I'm really impressed with the NVIDIA GPU Operator! It's relieved a lot of the workload for our team when it comes to managing GPU drivers, CUDA versions, and the container toolkit for each node. However, I haven't upgraded any drivers yet and I'm looking for advice from the community. Any recommendations or tricks regarding driver upgrades with this operator? Thanks a lot!
3 Answers
Just curious, are you running a self-hosted Kubernetes cluster or are you using a cloud provider? It can change the way you approach driver management!
Honestly, I'm a bit hesitant about letting the operator handle all driver installations and live mod probing. I come from a more traditional background, so I prefer managing some of these setups at the OS level and just allocate the resources to Kubernetes as needed. I might consider disabling certain features of the operator to keep more control.

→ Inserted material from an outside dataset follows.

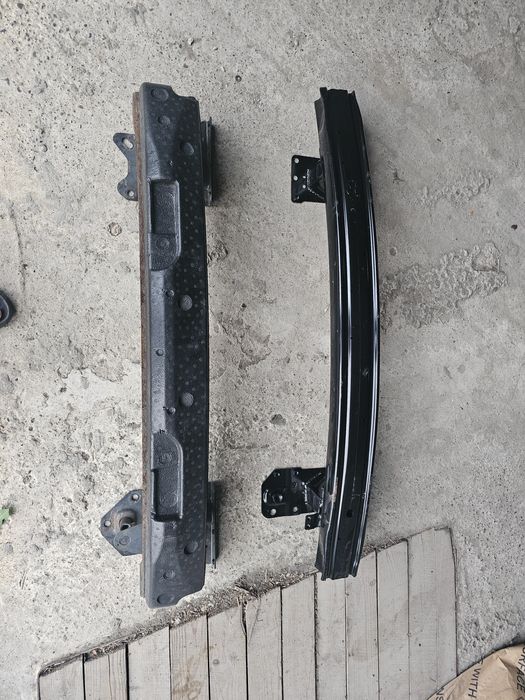 Tesla Model X S усилитель переднего бампера Тесла Х С підсилювач бампе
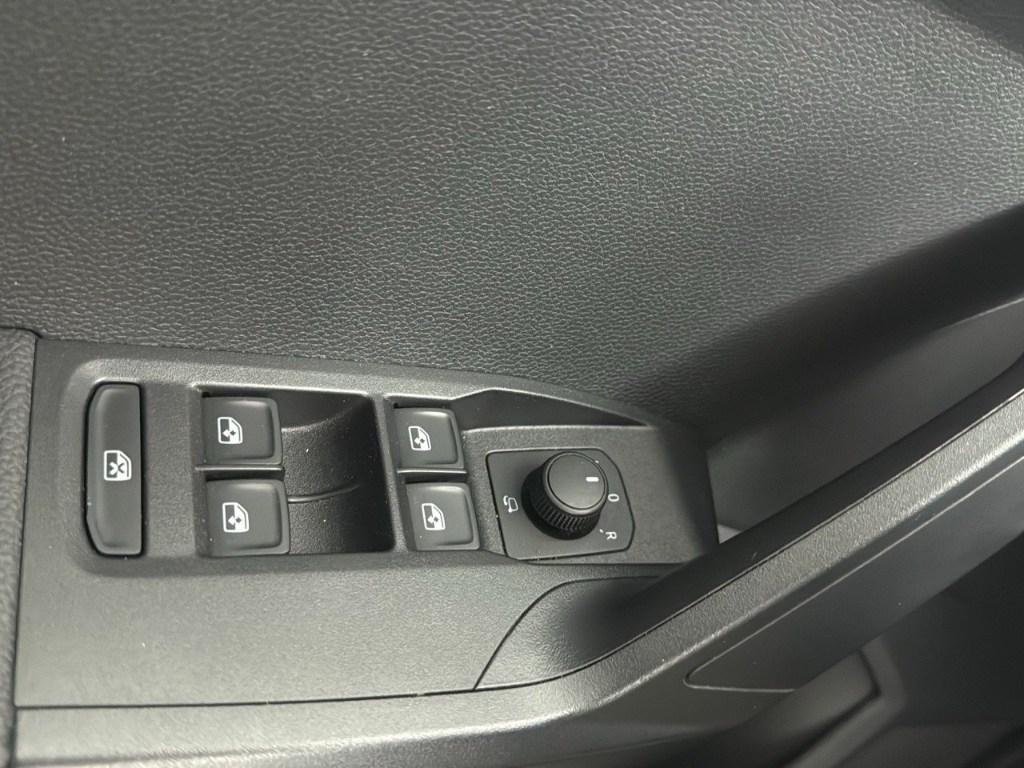 SEAT Arona 1.0 TSI Style XM DSG 85 kW (115 CV) - 8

I used Ansible to manage my first cluster, but now I prefer using an operator for task automation. The MIG feature seems like a game changer, but unfortunately, my current GPUs don't support it.
It really depends on your compliance requirements and threat model. If it’s strict, managing it manually might be the better route.
Before you dive into upgrades, ensure your support contract is current. We've faced a lot of bugs with new DGX systems, but those issues seem to be clearing up with the latest editions—my last two upgrades went smoothly!
It's a self-hosted bare metal setup.